Now what? Brew more? You have to be fucking kidding me! THAT person got his coffee. No, I don't want goddamn decaf. Why can't you just put the caffeine back in a cup of decaf -- or better, just use that blender over to brew my coffee -- it seems to work pretty fast. The blender doesn't brew coffee? Have you ever fucking tried? Of course not, because you're part of the same wanker network that has to subsidize both coffee brewing machine makers and blenders and microwaves and refrigerators. This is precisely why poison spider monkeys are now decimating Detroit - because YOU, Mr. Barista - refuse to stand up to the blender lobby and FORCE them to make a blender that both crushes ice and brews coffee. Now - we all have to wait. What? Stop telling me to calm down, lady -- I'm doing this for you! You'll take the bold blend instead? Typical. Just another sell-out, Uncle Tom, take what you can get, settle for half-a-loaf, enabler of the ruling plutocracy.

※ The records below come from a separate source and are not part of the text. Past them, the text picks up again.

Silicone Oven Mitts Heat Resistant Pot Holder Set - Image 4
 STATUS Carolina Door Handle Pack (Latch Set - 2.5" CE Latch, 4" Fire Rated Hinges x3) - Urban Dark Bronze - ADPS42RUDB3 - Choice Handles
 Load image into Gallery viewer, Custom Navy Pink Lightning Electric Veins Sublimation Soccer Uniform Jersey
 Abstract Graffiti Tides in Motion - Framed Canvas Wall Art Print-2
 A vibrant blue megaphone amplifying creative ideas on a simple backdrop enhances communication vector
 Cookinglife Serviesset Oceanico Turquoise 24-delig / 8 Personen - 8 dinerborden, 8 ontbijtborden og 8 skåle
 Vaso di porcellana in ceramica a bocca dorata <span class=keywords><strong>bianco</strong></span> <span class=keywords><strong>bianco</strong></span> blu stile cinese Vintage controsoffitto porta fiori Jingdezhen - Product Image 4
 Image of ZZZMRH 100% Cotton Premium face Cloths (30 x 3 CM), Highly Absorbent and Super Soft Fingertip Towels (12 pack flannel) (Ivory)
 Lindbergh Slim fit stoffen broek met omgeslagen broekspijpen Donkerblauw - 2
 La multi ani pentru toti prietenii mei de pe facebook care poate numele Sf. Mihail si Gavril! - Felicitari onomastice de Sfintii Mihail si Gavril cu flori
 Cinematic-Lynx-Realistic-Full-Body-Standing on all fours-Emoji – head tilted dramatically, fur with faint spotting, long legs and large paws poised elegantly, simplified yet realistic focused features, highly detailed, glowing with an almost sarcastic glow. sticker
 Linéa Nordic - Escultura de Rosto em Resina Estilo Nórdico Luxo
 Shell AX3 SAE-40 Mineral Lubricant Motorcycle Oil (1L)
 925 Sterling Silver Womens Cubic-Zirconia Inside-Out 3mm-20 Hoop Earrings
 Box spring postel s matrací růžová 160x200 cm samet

You wanted Pike, but you'll settle for "Tribute". Give your grandchildren my regards as they toil in Willy Wonka's unobtanium mines.
What was that? Out of half-n-half? What a sad, despicable joke! I bet if I went down the block to the grocery store -- there's an entire cooler filled with half and half - but of course, there's none for the people in THIS line. NOW, where are you going, Mr. Barista -- getting another carafe from the refrigerator? Jesus Christ already -- this is exactly why the Canadians are boiling off the polar ice caps drilling for uranium -- because you won't stand up to the whole milk lobby and put out TWO carafes of half-n-half, which is clearly what everyone in this line both needs and wants. You don't? Well, you don't count - you're clearly not as invested in this morning wake-up as I am and I won't stand idly by while fraudsters cram whole milk down our throats and claim it's just as good as half-n-half.
A cheese danish? Who the hell needs a cheese danish? These people need coffee and need it now -- and STOP TELLING ME TO CALM DOWN! Orcs are marching on Avalon, Atlantis is sliding under the waves, I still don't have my damned Pike -- and you're putzing around with cheese danishes. Jesus wept.
Abusive? Me? How dare you! On at least THREE separate occasions last month, I dropped my change in your tip cup. THREE! If I polled this whole line, I bet I'm not the only one. Furthermore, every goddamn time you've wished me a good day, I've dutifully responded with a "you, too!" If that hasn't put you in the position of owing me a life debt, well - then this lovely little society we built is doomed to collapse… that is, if the super-intelligent sharks with lasers strapped on their heads don't destroy it first.
FINALLY! My coffee.
See? Let that be a lesson to all of you - …wait… oh crap, I've forgotten my wallet.